Checking our git log, we can see that our changes from apply have been saved.

_images/screenshot_7.png

We can check the four grouping tsvs cubids apply produces (v1_*) to ensure they look as expected — that all files with variant scanning parameters have been renamed with the correct format (e.g., VARIANTEchoTime2 for clustered parameters, VARIANTFlipAngle75 for regular parameters) in their acquisition fields.

Exemplar testing

The curation of the dataset is complete; finally, it’s time for pre-processing. To streamline this step, and as an added measure for reproducibility and quality assurance, CuBIDS facilitates this subsequent step through the creation of an Exemplar Dataset: a subset of the full dataset that spans the full variation of acquisitions and parameters by including one subject from each Acquisition Group. By testing only one subject per Acquisition Group, users are able to pinpoint specific metadata values and scans that may trigger pipeline failures. These acquisition groups could then be evaluated in more detail and flagged for remediation or exclusion. The Exemplar Dataset can easily be created with the cubids copy-exemplars command, to which we pass in v2_AcqGrouping.tsv as input (the post cubids apply acquisition grouping tsv).

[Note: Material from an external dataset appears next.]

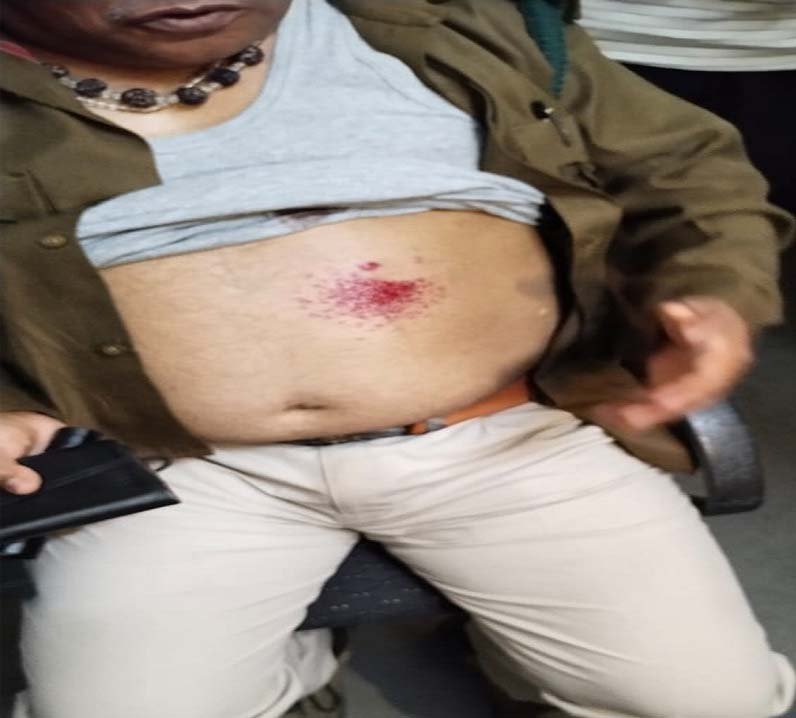 श्योपुर :वनपाल ने रेंजर को मारी गोली, हालत गंभीर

$ cubids copy-exemplars BIDS_Dataset_DataLad Exemplar_Dataset v1_AcqGrouping.tsv --use-datalad

Since we used the use-datalad flag, Exemplar_Dataset is a DataLad dataset with the version history tracked in its git log (see below):

_images/screenshot_8.png

Once a preprocessing pipeline completes successfully on the Exemplar Dataset, the full dataset can be executed with confidence, as a pipeline’s behavior on the full range of metadata heterogeneity in the dataset will have already been discovered during exemplar testing.